What you should do ::
With pictures omitted, the line containing "Filorga - C Recover 3*10 ml" and all later lines of the records below are to be restated word for word.

Records supplied ::
Start of Block
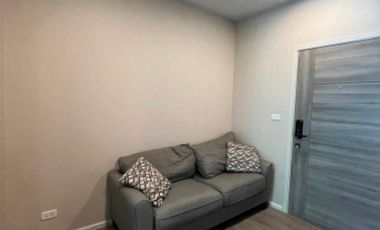 For sale 1 bed condo in Bang Na, Bangkok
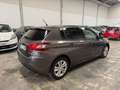 Peugeot 308 Nuevo  5p Access 1.6 e-HDi 115 Marrón - thumbnail 4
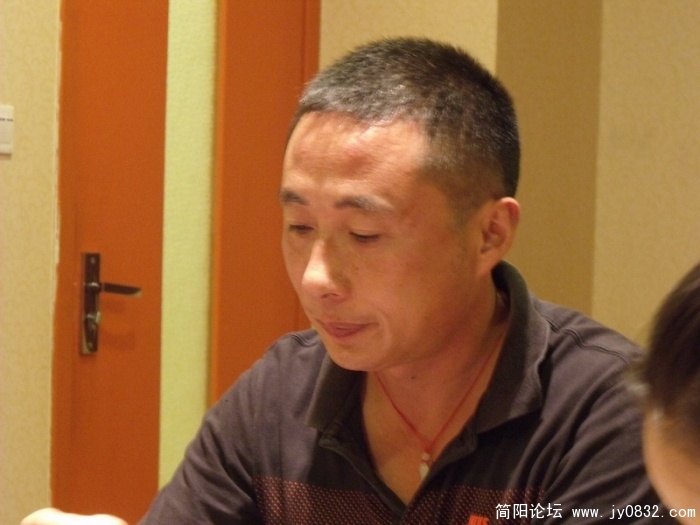 DSCF1288.JPG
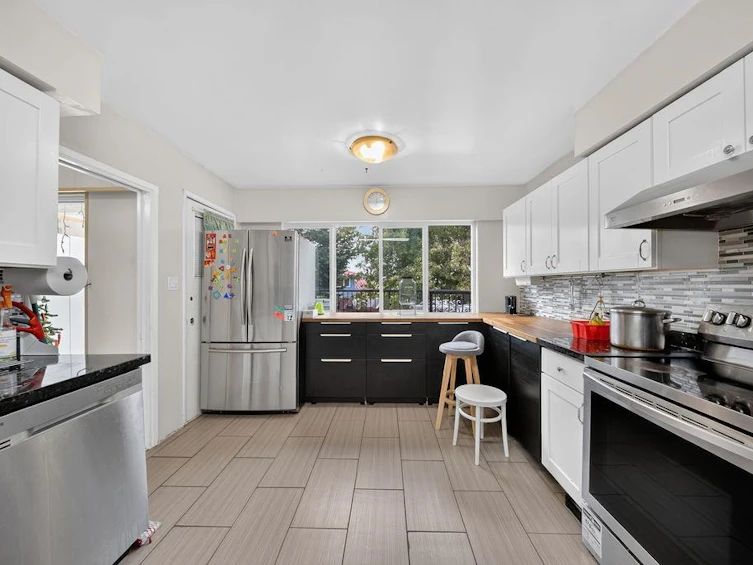 6071 Drewry Crescent, Richmond, BC, V7C 2T8 - 17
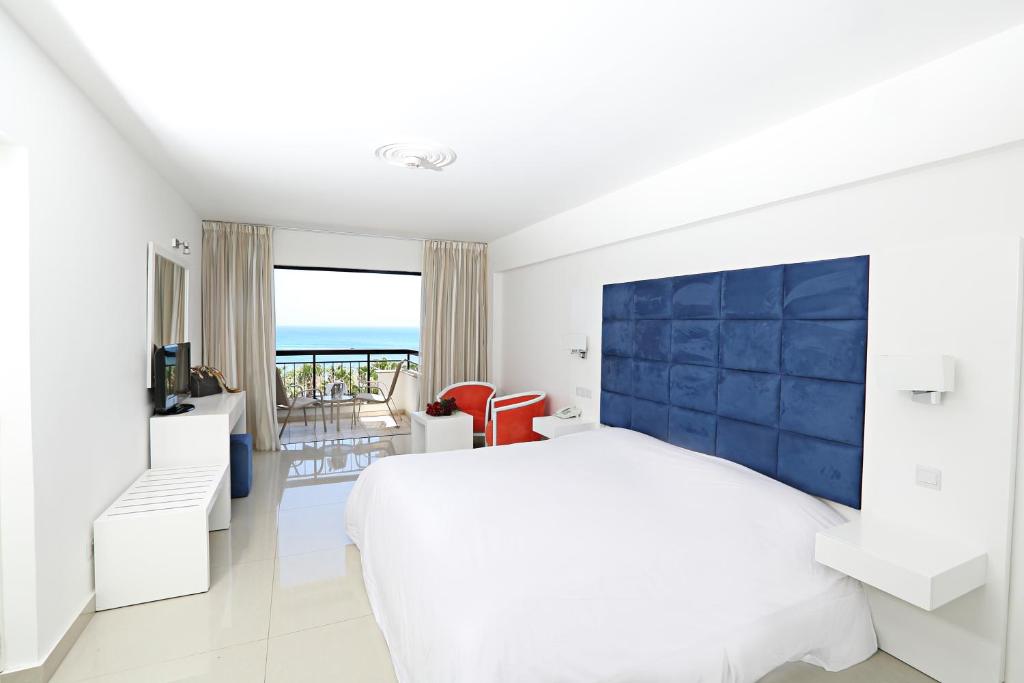 Anastasia Beach Hotel foto 10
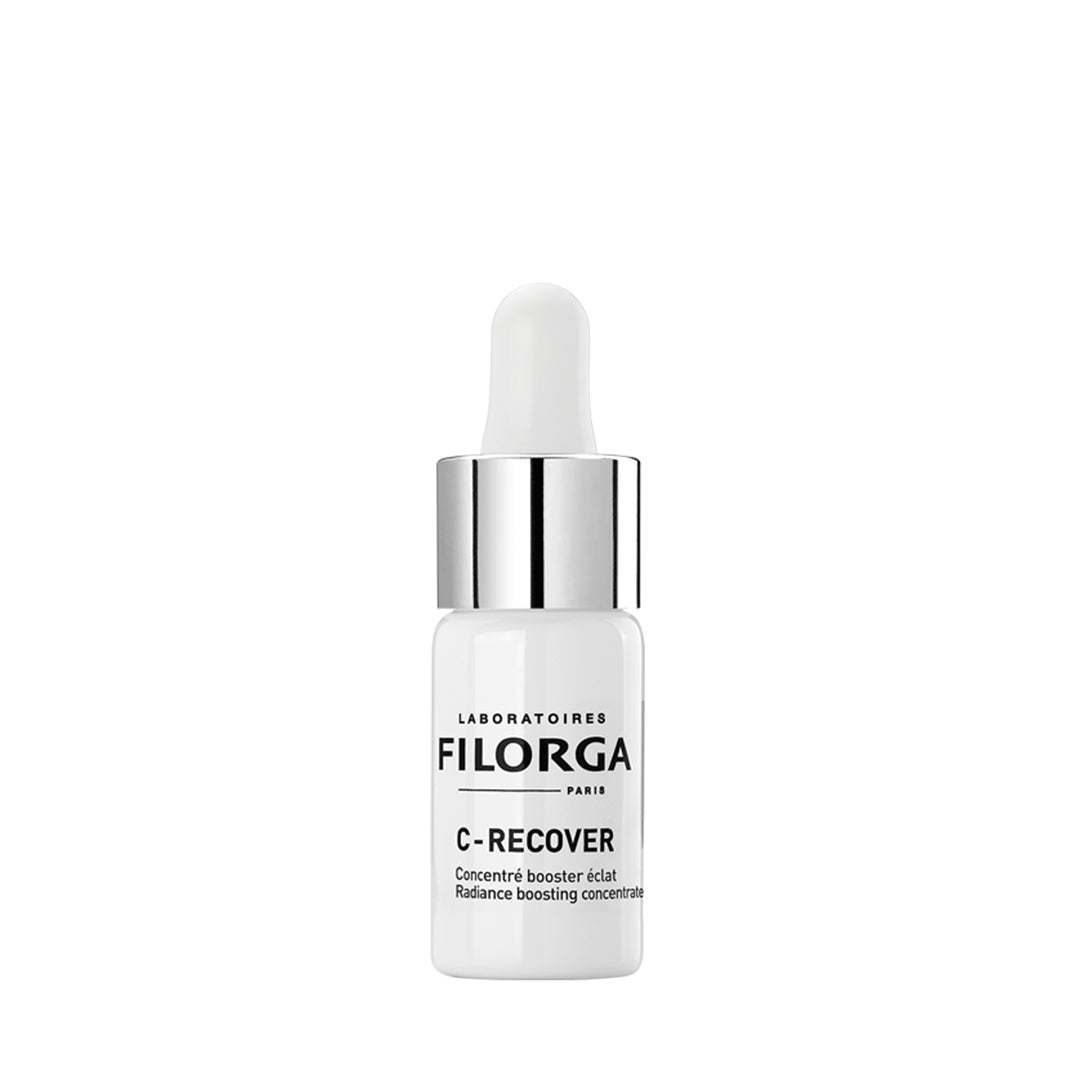 Filorga - C Recover 3*10 ml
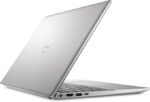 Dell Inspiron 5430 2in1 : i7/13th RAM:16GB & SSD:512GB - Image 5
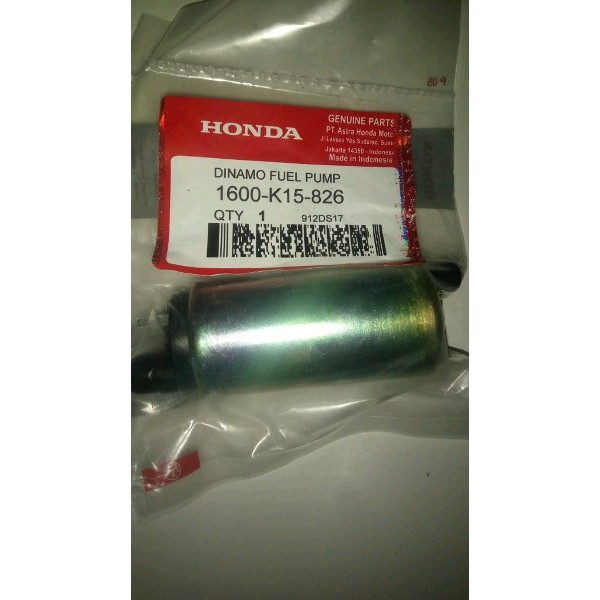 Rotak CB 150r LED Original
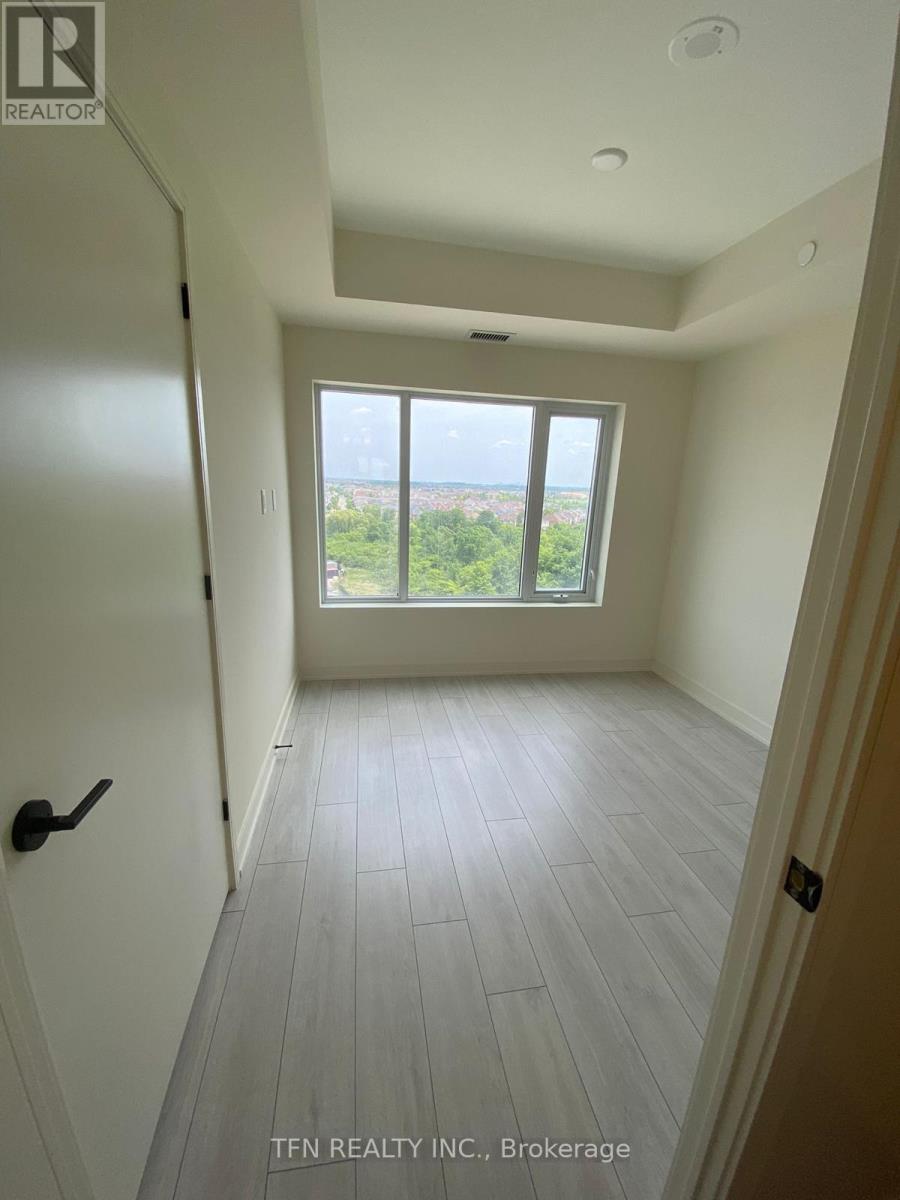 909 - 8010 Derry Road, Milton, Ontario  L9T 9N3 - Photo 7 - W12453007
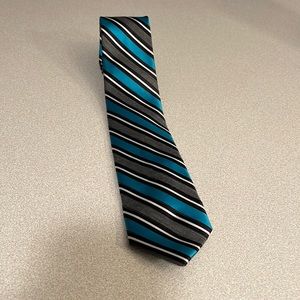 Men’s George Tie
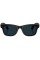 Смарт-окуляри Ray-Ban Meta Wayfarer Gen 2 Standard Matte Black Frame/Clear to Grey Transitions Lenses RW4012 601S1Z 50-22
End of Block
Exercise result ::
 Filorga - C Recover 3*10 ml
 Dell Inspiron 5430 2in1 : i7/13th RAM:16GB & SSD:512GB - Image 5
 Rotak CB 150r LED Original
 909 - 8010 Derry Road, Milton, Ontario  L9T 9N3 - Photo 7 - W12453007
 Men’s George Tie
 Смарт-окуляри Ray-Ban Meta Wayfarer Gen 2 Standard Matte Black Frame/Clear to Grey Transitions Lenses RW4012 601S1Z 50-22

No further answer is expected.